Она могла бы сделать вид, что не узнала. Но она улыбнулась ему – не официальной заученной улыбкой, а как старому знакомому. Так легко, без усилий, еще никто никогда не вступал в его душу. Она была предназначена ему судьбой. Она заговорила первая.
- Вы любите смотреть на воду? – спросила она.
- Люблю ли я смотреть на воду… - повторил он, дивясь звуку своего голоса.
Они провели вместе весь день. Ева тоже была одинока, как и он, хотя совсем не так, как он. Хрупкий челнок в море чужих радостей и горестей, чужого безумия, больных душ и тел, которые необходимо было не просто врачевать, но вытаскивать из иного мира. Так ему нравилось думать о ней. Он всё время касался её тонкой незагорелой руки, и с настороженной печалью ждал, что вот она исчезнет, как мимолётное отражение в воде, порождение его измученной фантазиями души, и всё снова погрузится во мрак, ещё более густой и клейкий. Что уж поделать – такова была его тошнотворно минорная муза.
Но лекарства помогали, держа его на поверхности, книга подвигалась, а Ева осталась. Она была вполне реальной, земной, человек из плоти и крови, занимающийся обычной, реальной работой. Она делала ему уколы, она дула на горячий чай и каждое утро расчёсывалась у зеркала, а потом закалывала шпильками тяжёлый пучок. А потом, схватив сумочку, выбегала из дома, на ходу застёгивая дешёвую куртку и натягивая шапочку.
Весь мир сомкнулся в один сияющий рыжий круг, и в центре его была Ева. Каждая минута его жизни обрела смысл: он ждал Еву, он знал, что она придёт. Он работал ради Евы. И герои его книги, к которой он вернулся, высветлялись и обретали радость бытия.

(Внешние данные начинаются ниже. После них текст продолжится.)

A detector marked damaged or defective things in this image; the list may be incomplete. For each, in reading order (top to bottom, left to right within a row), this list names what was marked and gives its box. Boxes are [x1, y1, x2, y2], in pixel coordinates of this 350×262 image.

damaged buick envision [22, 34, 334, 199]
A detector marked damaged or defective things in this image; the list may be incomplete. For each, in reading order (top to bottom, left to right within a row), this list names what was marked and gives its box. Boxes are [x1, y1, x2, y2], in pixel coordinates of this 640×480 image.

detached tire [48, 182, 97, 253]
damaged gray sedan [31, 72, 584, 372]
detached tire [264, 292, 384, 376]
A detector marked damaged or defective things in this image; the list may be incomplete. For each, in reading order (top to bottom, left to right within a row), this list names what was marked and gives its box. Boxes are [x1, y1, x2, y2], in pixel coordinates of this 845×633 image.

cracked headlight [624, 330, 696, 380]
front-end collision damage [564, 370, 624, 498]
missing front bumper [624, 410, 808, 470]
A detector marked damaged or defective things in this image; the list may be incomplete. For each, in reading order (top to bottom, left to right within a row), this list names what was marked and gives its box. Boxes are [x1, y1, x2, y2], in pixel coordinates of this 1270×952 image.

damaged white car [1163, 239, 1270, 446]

Сколько раз он спасал её в своих фантазиях! Спасал от мыслимых и немыслимых напастей и монстров – и все фиксировал в своем романе, медленно, но верно продвигающемся в самые глубины его души, его сюжетов, его вымыслов. Он сам со своими героями становился героем, суперменом, блистающим повелителем, а издательство терпеливо ожидало очередной шедевр и очередной киносценарий.

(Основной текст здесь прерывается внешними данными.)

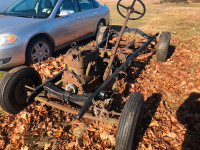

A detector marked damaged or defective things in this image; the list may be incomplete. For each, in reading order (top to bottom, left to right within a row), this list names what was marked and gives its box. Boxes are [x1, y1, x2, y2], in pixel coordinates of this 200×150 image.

rusty metal chassis [27, 29, 158, 120]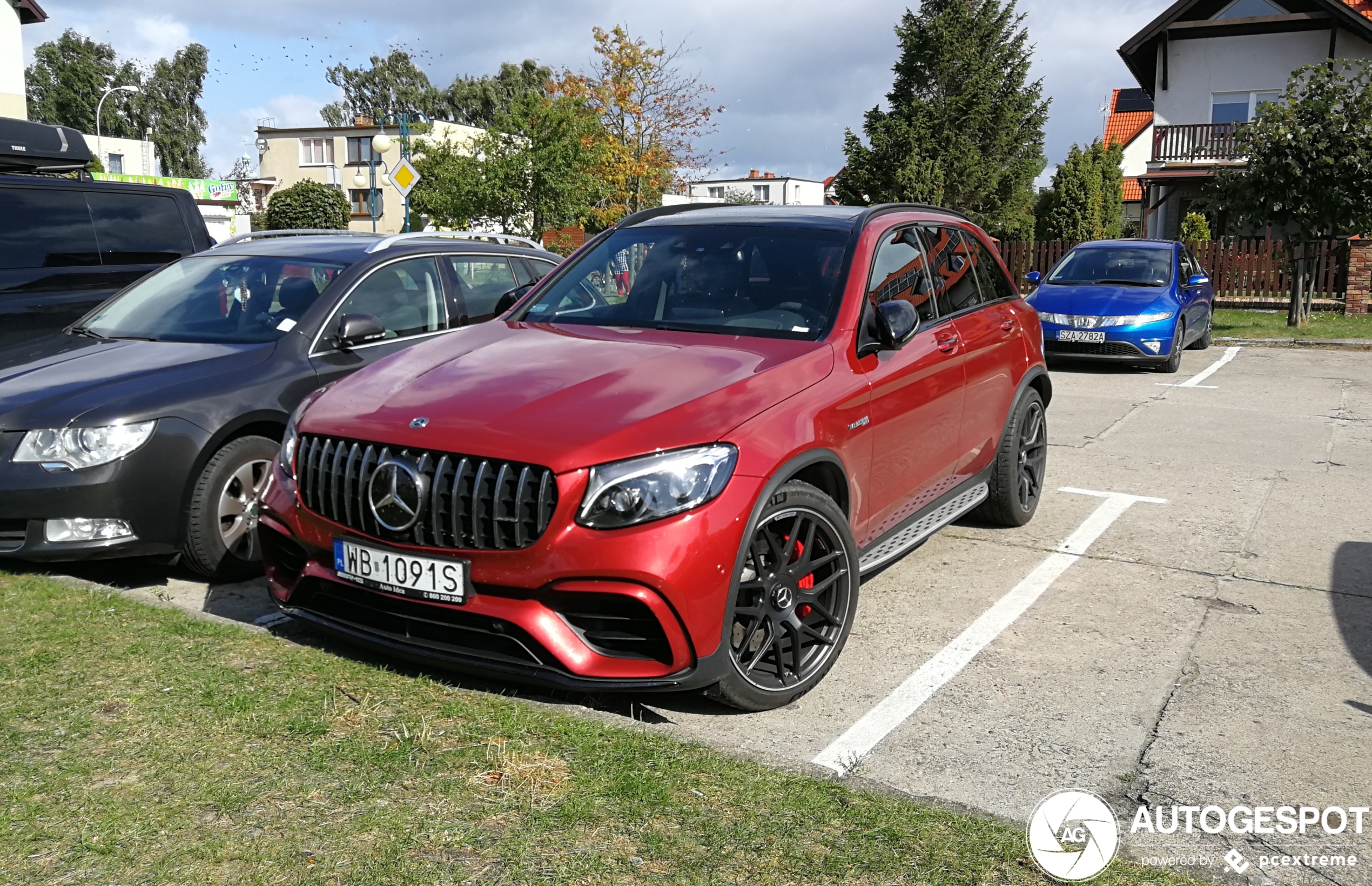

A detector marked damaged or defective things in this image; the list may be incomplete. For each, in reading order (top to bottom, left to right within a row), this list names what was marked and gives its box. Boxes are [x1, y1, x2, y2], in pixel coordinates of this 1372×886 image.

cracked asphalt [21, 344, 1372, 882]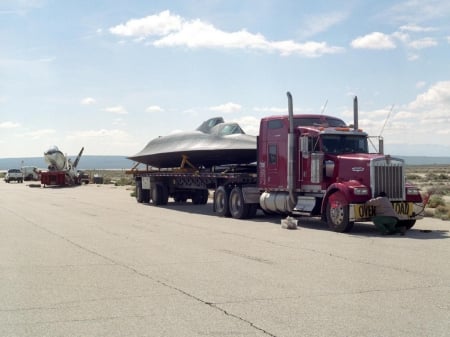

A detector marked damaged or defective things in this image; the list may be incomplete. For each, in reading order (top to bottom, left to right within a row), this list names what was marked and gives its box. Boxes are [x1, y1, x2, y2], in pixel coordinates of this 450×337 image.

cracked pavement [0, 182, 450, 334]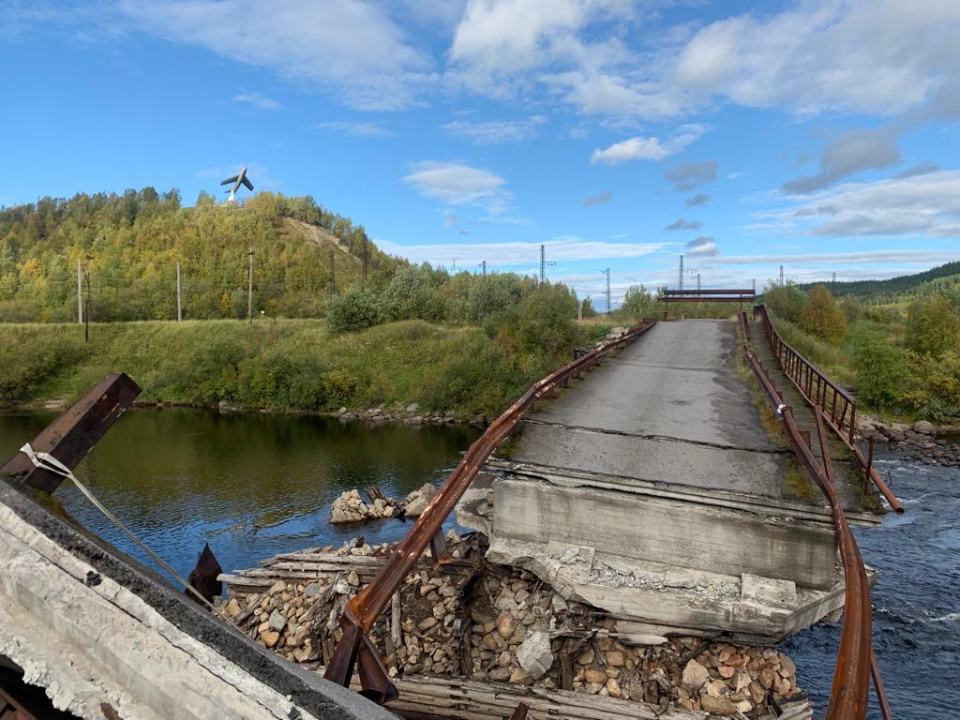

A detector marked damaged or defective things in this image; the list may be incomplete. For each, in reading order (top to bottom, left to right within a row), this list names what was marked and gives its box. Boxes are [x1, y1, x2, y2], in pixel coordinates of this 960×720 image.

rusted steel girder [0, 372, 142, 496]
bent guardrail post [0, 372, 142, 496]
bent guardrail post [322, 322, 652, 704]
rusted steel girder [326, 320, 656, 696]
rusty metal railing [326, 322, 656, 704]
rusty metal railing [736, 312, 876, 720]
rusted steel girder [740, 320, 872, 720]
rusty metal railing [756, 304, 900, 512]
rusted steel girder [752, 304, 904, 512]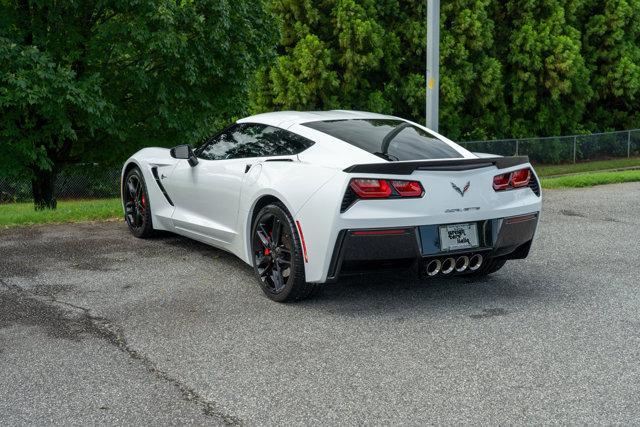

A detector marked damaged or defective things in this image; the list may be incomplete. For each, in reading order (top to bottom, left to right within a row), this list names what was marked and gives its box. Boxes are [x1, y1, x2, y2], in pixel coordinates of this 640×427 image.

И Ева приходила к нему почти каждый день, в ореоле пламенных волос – она знала, что ему нравится видеть её с распущенными волосами. И где она ступала, к чему прикасалась, о чём напевала – везде оставался сияющий след, и тут же жизнь поселялась в тех предметах, о которых он почти забыл – он заново узнавал их, очнувшись после долгой спячки. Познавал не только их утилитарное значение – но и некий глубинный смысл – взаимосвязь с самим собой и Евой. Мостовая, дверь, расчёска, журнал, звуки музыки, птицы, камни старого дома, фонарь, цветок в вазе, ручка, хлеб, вода, раковина, небо, дерево, окно, тарелка, простыня, лампа, снег, трава, осенний лист, вино, часы, голоса вокруг, яблоки… Слова, обозначающие предметы, перестали быть формальными.
Ему даже пришло в голову смешное: закуточек в офисе, его бывшая работа в редакции – они тоже что-нибудь да значат, и он рано или поздно вернётся туда. Ева благословила его своими ловкими белыми руками, своим чудесным смехом, лукавыми глазами – благословила на жизнь.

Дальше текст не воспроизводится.